Cerca de 7 mil pessoas estiveram no Ginásio do Gigantinho para ouvir Lula. Muitos participantes, contudo, não esperaram o presidente terminar o discurso e deixaram o ginásio. Representantes do MST, uma das entidades promotoras do evento, nem sequer compareceram ao Gigantinho para ouvi-lo. Os sem-terra e representantes de partidos como PSTU optaram por boicotar a “festa” do presidente. Em conversas reservadas, muitos “radicais” observaram que o Lula que subiu no palco do ginásio é agora aliado do senador Fernando Collor (PTB-AL) no Congresso.

SEM BRILHO

Lula participou da primeira edição do Fórum em 2001, quando ainda não estava no poder. Como presidente, esteve nas edições de 2003 e 2005 em Porto Alegre e na do ano passado, em Belém. Com mais de 80% de aprovação nas pesquisas, o presidente reencontrou um Fórum Social Mundial sem o brilho de antes. Ainda assim, não perdeu a oportunidade de fazer campanha para os ministros Dilma Rousseff (Casa Civil) e Tarso Genro (Justiça) que disputam a Presidência e o governo do Rio Grande do Sul, respectivamente.

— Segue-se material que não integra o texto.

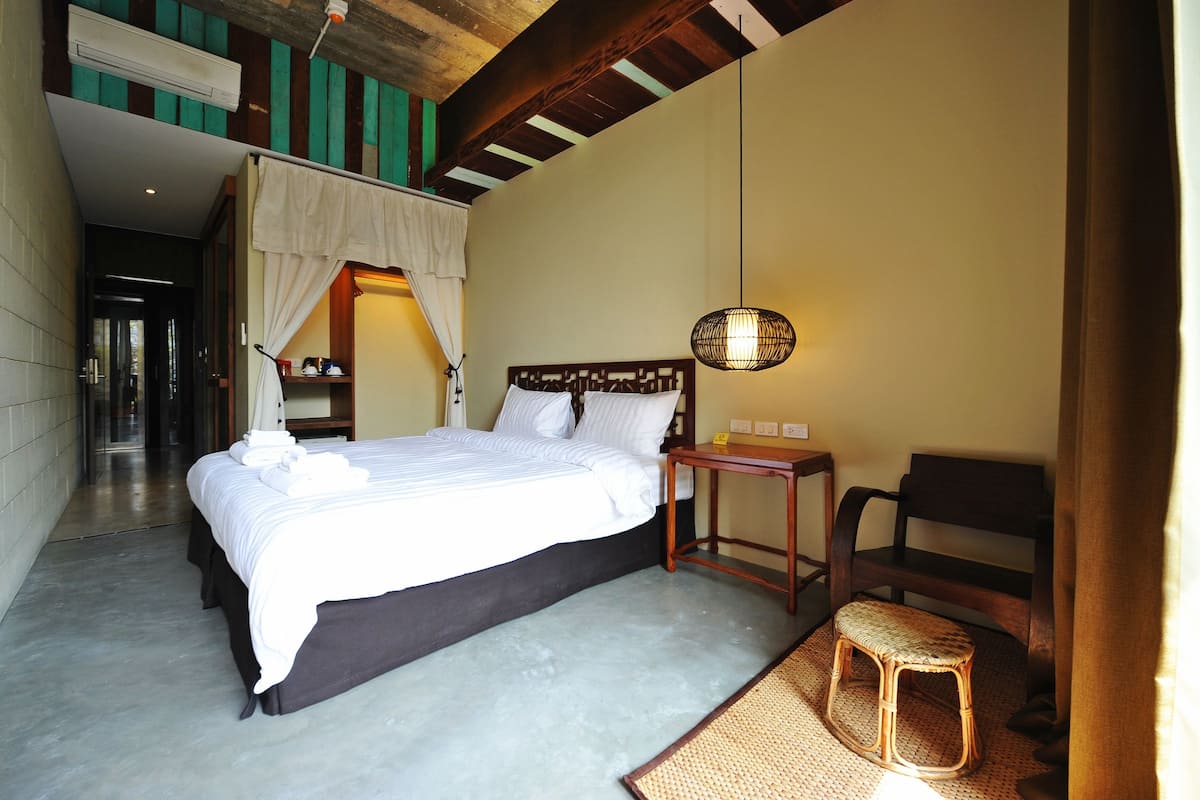 A hotel room with a large bed, a small table, a chair, and a hanging light fixture.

Um dos organizadores do Fórum, Oded Grajew, que já assessorou o presidente, avalia que o “grande pecado” do governo Lula foi o fato de não levar à frente a reforma política. Grajew não poupa nem mesmo os grupos que compõem o evento que se intitula como alternativa ao “capitalismo liberal”. “As organizações sociais não foram suficientemente fortes para promover a reforma política. Como Lula tinha prometido fazer a reforma, talvez elas tenham ficado acomodadas na promessa”, diz Grajew. “Não foram sábias para perceber as origens das coisas.” Grajew ressalta que as atenções da chamada esquerda foram diluídas em discussões menos relevantes.

NÚMEROS

Já o sociólogo Emir Sader observou que o Lula que voltou a Porto Alegre ontem dispõe de números importantes para apresentar, citando como exemplo o aumento do índice de empregados com carteira assinada e a recuperação econômica do País depois da crise financeira internacional. “O povo não pagou o preço da crise”, diz. Para o sociólogo, o governo melhorou com a saída do ministro da Fazenda, Antonio Palocci, em 2006. “O eixo do governo passou a ser a ministra Dilma.”

Em um dos poucos momentos de descontração, aliás, Lula chamou a ministra de “Dilminha”, lembrando da presença dela na Conferência do Clima, em Copenhague, em dezembro. A plateia presente reagiu positivamente, gritando o nome da pré-candidata do PT à Presidência. Um grupo chegou a adaptar um jingle de campanha de Lula: “Olê, olé, olá, Dilma, Dilma.”